Car, à voir de plus près, on constate que « la faible diminution des transferts
d'armes dans le monde masque de grandes variations entre les tendances
régionales», comme le précise Pieter D. Wezeman,
chercheur principal au programme Transferts d'armes du SIPRI. Si entre 2012-16
et 2017-21, trois régions du monde connaissent une baisse globale des
importations d'armes, les Amériques (-36%), l'Afrique (-34%) et l'Asie-Océanie
(-4,7%), d'autres régions ont connu une forte et inattendue hausse des
importations d'armes. A commencer par l'Europe, qui connaît la plus forte
augmentation des importations d'armes. Selon les données du SIPRI, «en 2017-21,
les importations d'armes majeures par les États européens étaient supérieures
de 19% à celles de 2012-16 et représentaient 13% des transferts mondiaux
d'armes. Les plus grands importateurs d'armes en Europe sont le Royaume-Uni, la
Norvège et les Pays-Bas». Notant que «d'autres États européens devraient
également augmenter considérablement leurs importations d'armes au cours de la
prochaine décennie, ayant récemment passé d'importantes commandes d'armes
majeures, en particulier d'avions de combat en provenance des États-Unis». Y a-t-il quelque chose qui ne tourne pas rond sur ce
continent ? D'habitude, pour l'Europe, l'importation des armes est une affaire
qui ne les concerne pas. Pour en exporter, oui, mais pour importer des armes,
le besoin ne se faisait pas sentir depuis la fin de la Seconde Guerre mondiale.

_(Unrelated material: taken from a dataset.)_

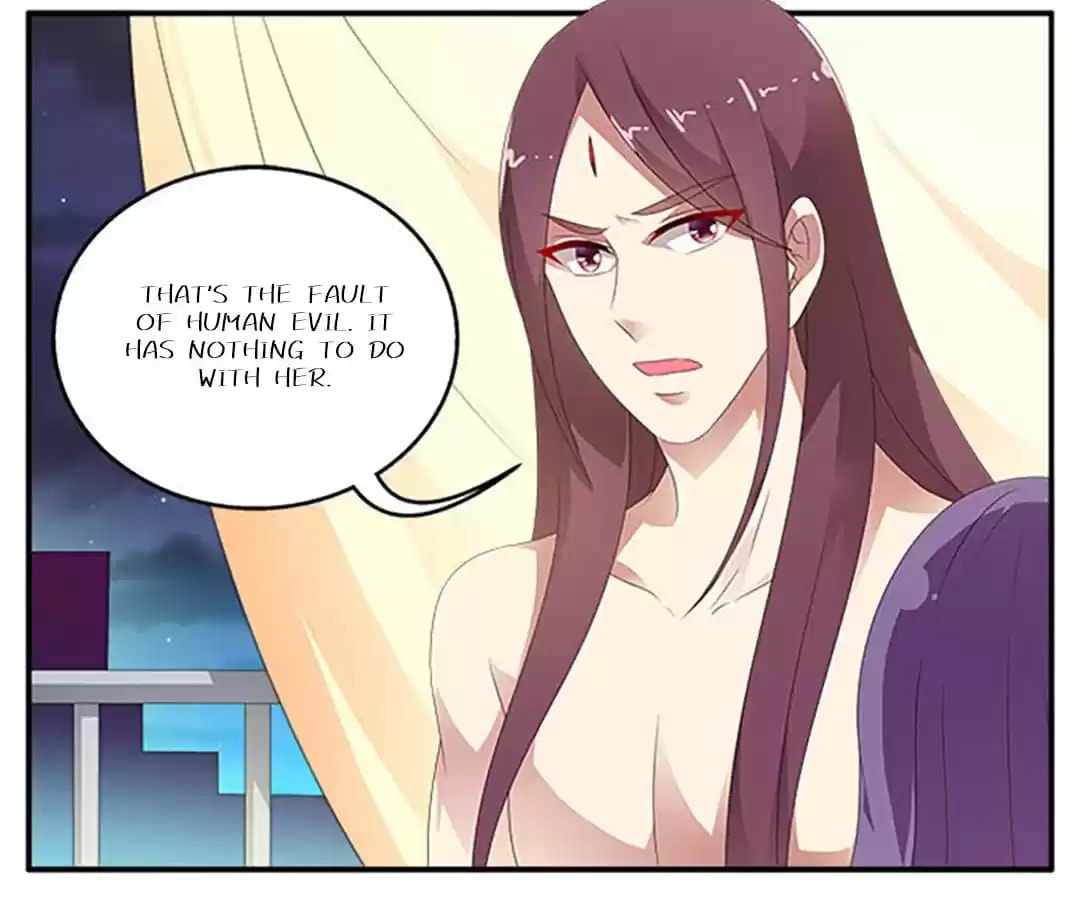 Wish Fulfillment Chapter 87 page 17 - 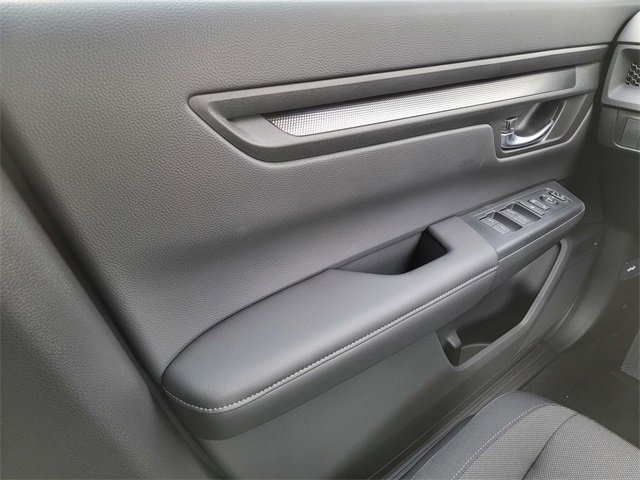 New 2026 Honda CR-V EX image 29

Que se passe-t-il alors ? « La grave détérioration des relations entre la
plupart des États européens et la Russie a joué un rôle important dans
l'augmentation des importations européennes d'armes», explique un chercheur du
SIPRI. Les armes vont là où les guerres éclatent ou sont sur le point de
l'être, et l'Europe est devenue ces derniers temps une zone de tension qui
rappelle un peu les deux précédentes guerres mondiales, qui ont toutes deux
commencé en Europe. Est-ce à dire que la baisse des importations d'armes dans
d'autres régions, en Afrique par exemple (à l'exception de l'Egypte, propulsée
troisième plus grand importateur d'armes au monde), est due à une baisse de la
tension sécuritaire ? Le Moyen-Orient reste, dans le passé, le présent et
l'avenir (selon les livraisons d'armes prévues dans les prochaines années) une
région où les importations d'armes sont toujours très importantes. Alors que
l'industrie militaire des Etats-Unis et de la France tourne à plein régime, il
est aisé de comprendre que leurs exportations d'armes augmentent parallèlement
à une production accrue. Le commerce de la mort a peut-être diminué par-ci,
mais il a trouvé de nouveaux terrains fertiles par-là.